Carl Henrik Andreas Bjerregaard (1845-1922) was born in Denmark in 1845. Graduating from the University of Copenhagen in 1863, he went on to become a professor of botany. In 1873 he came to America for political reasons in 1873 from his native Denmark (he had been a spy for the Danish army)and in 1879 became Librarian at the Astor Library, which later merged with the Lenox Library to form the Reference Division of the New York Public Library, eventually becoming Chief of its Main Reading Room. His interest in the spiritual life can be seen in the books and articles he wrote. 

While engaged as the chief librarian of the main reading room of the New York City Public Library, C.H.A. Bjerregaard's book "The Inner Life and the Tao-Teh-King" (published by The Theosophical Society in 1913) was reviewed in the February 16, 1913 edition of the New York Times daily newspaper. While cautioning that Bjerregaard's translation of the great Chinese classic was comparable to that of other writers, the N.Y. Times' review notes that Bjerregaard departed from conventional thinking by suggesting that "the only way of [properly] reading the book [was] in the light of mysticism...[as] it [was] not possible to handle it as a Confucian document is handled." As further explained in the N.Y. Times' review, Bjerregaard held the view that there was a "revelation in the Tao-Teh-King of a wonderful life of simplicity in the pre-ethical period -- a life of mystical character...those who followed it did not dream mysticism or theosophy but actually lived the mysteries." 

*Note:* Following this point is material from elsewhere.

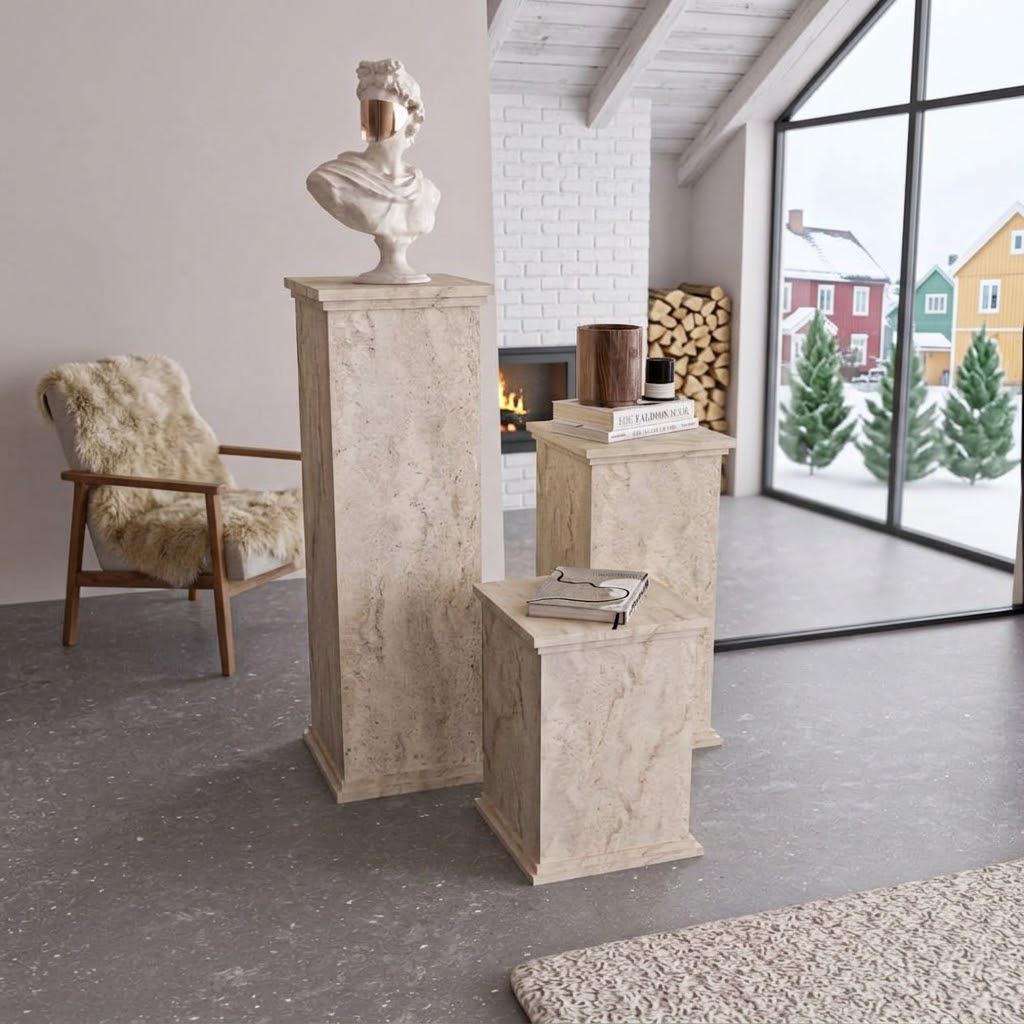 Travertine Side Table – Modern Decorative Pedestal Table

Of particular interest to note is the contribution C.H.A. Bjerregaard made in scholarly fields that differed from his own. One such example is the "Anthropological & Ethnographic" Introduction that he wrote for Rev. J.G. Wood's "Illustrated Natural History" book published in 1886 by George Routledge & Sons Company. Later, in July of 1900, C.H.A. Bjerregaard published a review of Henrik Isben's play, "When We Dead Awaken" in The Ideal Review with the prefare that "...if the winter season had been before us, I would not review Ibsen's [last] play, "When We Dead Awaken," because the impressions made by it would correspond too well with the dreariness of the cold. But summer is before us and we are full of the rising life and fruitfulness..." (New York City's Moonstruck Dramastore).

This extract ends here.